** Opening The data block **

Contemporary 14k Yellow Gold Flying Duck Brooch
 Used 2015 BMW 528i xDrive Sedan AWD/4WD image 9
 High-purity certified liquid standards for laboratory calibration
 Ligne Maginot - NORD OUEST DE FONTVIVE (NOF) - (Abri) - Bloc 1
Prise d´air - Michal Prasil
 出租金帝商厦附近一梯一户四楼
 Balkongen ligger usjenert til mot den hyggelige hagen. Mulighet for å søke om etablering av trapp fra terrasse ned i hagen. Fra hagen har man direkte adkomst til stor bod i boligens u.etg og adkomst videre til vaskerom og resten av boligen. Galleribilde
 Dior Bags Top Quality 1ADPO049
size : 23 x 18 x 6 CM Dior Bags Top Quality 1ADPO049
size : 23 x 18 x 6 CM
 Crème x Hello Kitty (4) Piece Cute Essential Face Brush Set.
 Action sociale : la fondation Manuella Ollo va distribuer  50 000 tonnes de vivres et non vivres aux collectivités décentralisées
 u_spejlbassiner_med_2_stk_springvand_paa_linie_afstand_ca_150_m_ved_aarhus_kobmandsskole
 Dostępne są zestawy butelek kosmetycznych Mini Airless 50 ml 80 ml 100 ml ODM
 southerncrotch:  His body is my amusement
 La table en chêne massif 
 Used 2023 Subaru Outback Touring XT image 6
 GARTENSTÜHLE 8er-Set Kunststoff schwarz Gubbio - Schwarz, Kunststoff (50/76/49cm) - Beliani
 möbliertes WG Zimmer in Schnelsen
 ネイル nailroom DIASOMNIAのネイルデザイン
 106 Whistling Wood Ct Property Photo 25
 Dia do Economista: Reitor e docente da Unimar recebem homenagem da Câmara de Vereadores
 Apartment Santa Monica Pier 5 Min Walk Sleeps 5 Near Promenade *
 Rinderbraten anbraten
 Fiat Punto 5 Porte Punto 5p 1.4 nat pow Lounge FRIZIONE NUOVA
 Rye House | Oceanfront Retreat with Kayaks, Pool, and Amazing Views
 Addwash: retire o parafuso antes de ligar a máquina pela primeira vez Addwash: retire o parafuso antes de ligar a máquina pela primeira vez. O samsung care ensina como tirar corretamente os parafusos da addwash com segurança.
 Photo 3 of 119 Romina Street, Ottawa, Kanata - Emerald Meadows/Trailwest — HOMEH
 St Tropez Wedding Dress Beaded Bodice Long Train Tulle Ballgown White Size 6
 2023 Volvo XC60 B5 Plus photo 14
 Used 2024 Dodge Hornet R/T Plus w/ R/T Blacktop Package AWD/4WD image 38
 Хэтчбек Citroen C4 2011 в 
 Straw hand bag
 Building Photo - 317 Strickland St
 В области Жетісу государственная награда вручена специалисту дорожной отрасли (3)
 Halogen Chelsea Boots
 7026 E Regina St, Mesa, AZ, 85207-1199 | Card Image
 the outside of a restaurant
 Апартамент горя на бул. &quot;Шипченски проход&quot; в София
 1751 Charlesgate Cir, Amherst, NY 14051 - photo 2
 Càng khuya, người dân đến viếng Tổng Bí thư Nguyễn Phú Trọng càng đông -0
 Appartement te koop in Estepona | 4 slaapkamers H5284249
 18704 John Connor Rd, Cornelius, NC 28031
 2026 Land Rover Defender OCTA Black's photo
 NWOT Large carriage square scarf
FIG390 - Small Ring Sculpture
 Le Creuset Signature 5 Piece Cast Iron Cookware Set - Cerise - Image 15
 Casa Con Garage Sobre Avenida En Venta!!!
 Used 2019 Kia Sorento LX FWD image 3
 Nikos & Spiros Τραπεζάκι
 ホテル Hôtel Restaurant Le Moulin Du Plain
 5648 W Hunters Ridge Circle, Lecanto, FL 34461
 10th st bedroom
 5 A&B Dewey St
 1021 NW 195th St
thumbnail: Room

** Closing The data block **

Directions for this task ▸
Write the entries above out again, unchanged and complete.

Your solution ▸
Contemporary 14k Yellow Gold Flying Duck Brooch
 Used 2015 BMW 528i xDrive Sedan AWD/4WD image 9
 High-purity certified liquid standards for laboratory calibration
 Ligne Maginot - NORD OUEST DE FONTVIVE (NOF) - (Abri) - Bloc 1
Prise d´air - Michal Prasil
 出租金帝商厦附近一梯一户四楼
 Balkongen ligger usjenert til mot den hyggelige hagen. Mulighet for å søke om etablering av trapp fra terrasse ned i hagen. Fra hagen har man direkte adkomst til stor bod i boligens u.etg og adkomst videre til vaskerom og resten av boligen. Galleribilde
 Dior Bags Top Quality 1ADPO049
size : 23 x 18 x 6 CM Dior Bags Top Quality 1ADPO049
size : 23 x 18 x 6 CM
 Crème x Hello Kitty (4) Piece Cute Essential Face Brush Set.
 Action sociale : la fondation Manuella Ollo va distribuer  50 000 tonnes de vivres et non vivres aux collectivités décentralisées
 u_spejlbassiner_med_2_stk_springvand_paa_linie_afstand_ca_150_m_ved_aarhus_kobmandsskole
 Dostępne są zestawy butelek kosmetycznych Mini Airless 50 ml 80 ml 100 ml ODM
 southerncrotch:  His body is my amusement
 La table en chêne massif 
 Used 2023 Subaru Outback Touring XT image 6
 GARTENSTÜHLE 8er-Set Kunststoff schwarz Gubbio - Schwarz, Kunststoff (50/76/49cm) - Beliani
 möbliertes WG Zimmer in Schnelsen
 ネイル nailroom DIASOMNIAのネイルデザイン
 106 Whistling Wood Ct Property Photo 25
 Dia do Economista: Reitor e docente da Unimar recebem homenagem da Câmara de Vereadores
 Apartment Santa Monica Pier 5 Min Walk Sleeps 5 Near Promenade *
 Rinderbraten anbraten
 Fiat Punto 5 Porte Punto 5p 1.4 nat pow Lounge FRIZIONE NUOVA
 Rye House | Oceanfront Retreat with Kayaks, Pool, and Amazing Views
 Addwash: retire o parafuso antes de ligar a máquina pela primeira vez Addwash: retire o parafuso antes de ligar a máquina pela primeira vez. O samsung care ensina como tirar corretamente os parafusos da addwash com segurança.
 Photo 3 of 119 Romina Street, Ottawa, Kanata - Emerald Meadows/Trailwest — HOMEH
 St Tropez Wedding Dress Beaded Bodice Long Train Tulle Ballgown White Size 6
 2023 Volvo XC60 B5 Plus photo 14
 Used 2024 Dodge Hornet R/T Plus w/ R/T Blacktop Package AWD/4WD image 38
 Хэтчбек Citroen C4 2011 в 
 Straw hand bag
 Building Photo - 317 Strickland St
 В области Жетісу государственная награда вручена специалисту дорожной отрасли (3)
 Halogen Chelsea Boots
 7026 E Regina St, Mesa, AZ, 85207-1199 | Card Image
 the outside of a restaurant
 Апартамент горя на бул. &quot;Шипченски проход&quot; в София
 1751 Charlesgate Cir, Amherst, NY 14051 - photo 2
 Càng khuya, người dân đến viếng Tổng Bí thư Nguyễn Phú Trọng càng đông -0
 Appartement te koop in Estepona | 4 slaapkamers H5284249
 18704 John Connor Rd, Cornelius, NC 28031
 2026 Land Rover Defender OCTA Black's photo
 NWOT Large carriage square scarf
FIG390 - Small Ring Sculpture
 Le Creuset Signature 5 Piece Cast Iron Cookware Set - Cerise - Image 15
 Casa Con Garage Sobre Avenida En Venta!!!
 Used 2019 Kia Sorento LX FWD image 3
 Nikos & Spiros Τραπεζάκι
 ホテル Hôtel Restaurant Le Moulin Du Plain
 5648 W Hunters Ridge Circle, Lecanto, FL 34461
 10th st bedroom
 5 A&B Dewey St
 1021 NW 195th St
thumbnail: Room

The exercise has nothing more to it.